What Would Bella Do?

There was standing room only at the Riverside Memorial Chapel on April 2, 1998, as friends and admirers gathered to celebrate the life of a woman who believed she could nudge, inveigle, and wrangle the world onto a path of social justice. The speakers evoked a heady era of political possibility as they told Bella stories; they implored each other to preserve her legacy and carry forward her agenda. They began asking each other, as colleagues and admirers still do today, nearly a decade later, What would Bella do?

One of the first speakers was Geraldine Ferraro, the only woman to appear on a major party presidential ticket, as Walter Mondale’s running mate in 1984. If there had never been a Bella Abzug, there would never have been a Gerry Ferraro, she said. Bella didn’t knock lightly on the door. She didn’t even push it open or batter it down. She took it off the hinges forever. So that those of us who came after could walk through. Marlo Thomas told how happy Bella was to hear that she was finally getting married and then began to push her to have children. I said, ‘Bella, I got married. Make Gloria [Steinem] have the babies!’ Marlo’s husband, Phil Donahue, recalled a gathering of intellectual luminaries at which he sat next to Bella. Minutes into each presentation, she would mumble, Good. Sit down. The historian Amy Swerdlow marveled at Bella’s brilliance as a strategist and recalled her appearance impersonating Marlene Dietrich, dressed in a tuxedo and singing Falling in Love Again. Jane Fonda wore a hat to commemorate Bella’s signature symbol. Shirley MacLaine—true to her faith in channeling—spoke directly to Bella, and the microphone mysteriously jumped to one side. Speakers recalled the pride she took in her two daughters and the great love affair with Martin, her husband of more than four decades, who had died twelve years earlier.

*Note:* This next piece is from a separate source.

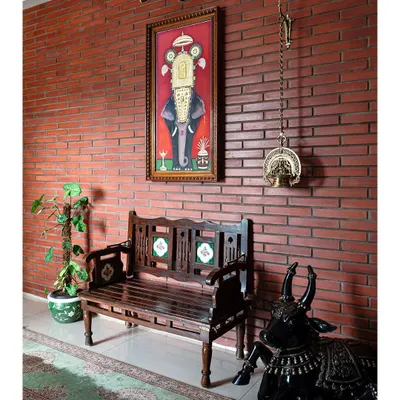 The private foyer welcomes you with a gorgeous brick-clad wall and a traditional Tanjore painting of a tusker elephant. This space immediately introduces the home's theme of warmth, art, and cultural heritage.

Gloria Steinem, one of the last speakers, tried to sum up this larger-than-life, braver-than-any leader. She described how frightened she was the first time she encountered Bella’s outsized voice and aggressive conviction. Then she took note of Bella’s independence and unremitting passion and pointed out that she had come up through social justice movements, not through a political party. In other words, she was beholden to no institution with traditions, trade-offs, and party lines; she was guided by her commitment to the ideas and the groups she believed were working to make society more responsive to the needs of the people.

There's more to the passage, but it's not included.